StableKD: Breaking Inter-block Optimization Entanglement for Stable Knowledge Distillation
It addresses accuracy drops and slow training in model compression for machine learning practitioners, offering a novel method rather than an incremental improvement.
The paper tackles the instability and slow convergence in knowledge distillation by identifying Inter-Block Optimization Entanglement and proposing StableKD, which improves accuracy by 1-18%, speeds up convergence up to 10 times, and achieves better performance with only 40% of training data.
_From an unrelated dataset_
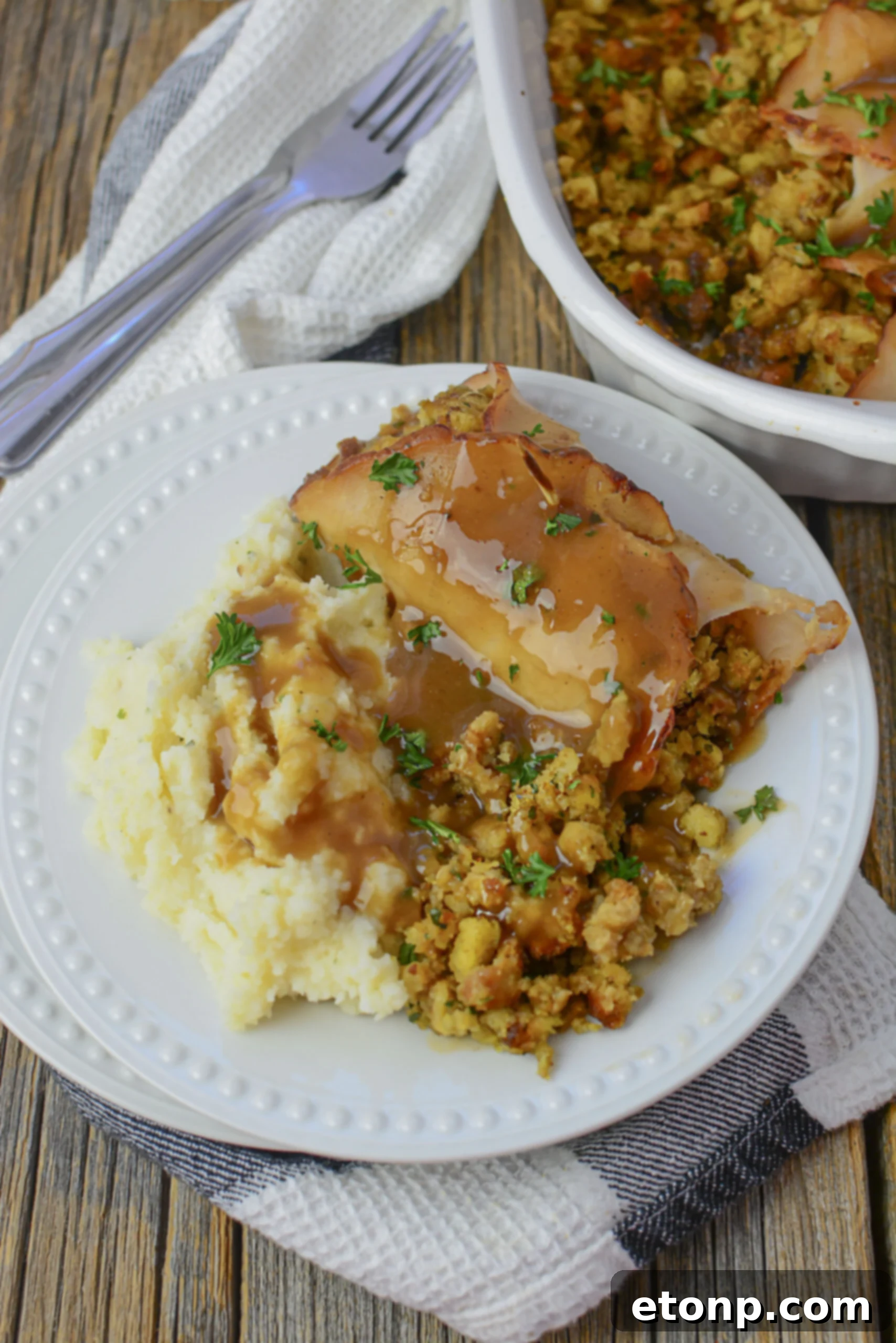 Turkey Stuffing Roll Ups on a white plate with mashed potatoes on a wood table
Knowledge distillation (KD) has been recognized as an effective tool to compress and accelerate models. However, current KD approaches generally suffer from an accuracy drop and/or an excruciatingly long distillation process. In this paper, we tackle the issue by first providing a new insight into a phenomenon that we call the Inter-Block Optimization Entanglement (IBOE), which makes the conventional end-to-end KD approaches unstable with noisy gradients. We then propose StableKD, a novel KD framework that breaks the IBOE and achieves more stable optimization. StableKD distinguishes itself through two operations: Decomposition and Recomposition, where the former divides a pair of teacher and student networks into several blocks for separate distillation, and the latter progressively merges them back, evolving towards end-to-end distillation. We conduct extensive experiments on CIFAR100, Imagewoof, and ImageNet datasets with various teacher-student pairs. Compared to other KD approaches, our simple yet effective StableKD greatly boosts the model accuracy by 1% ~ 18%, speeds up the convergence up to 10 times, and outperforms them with only 40% of the training data.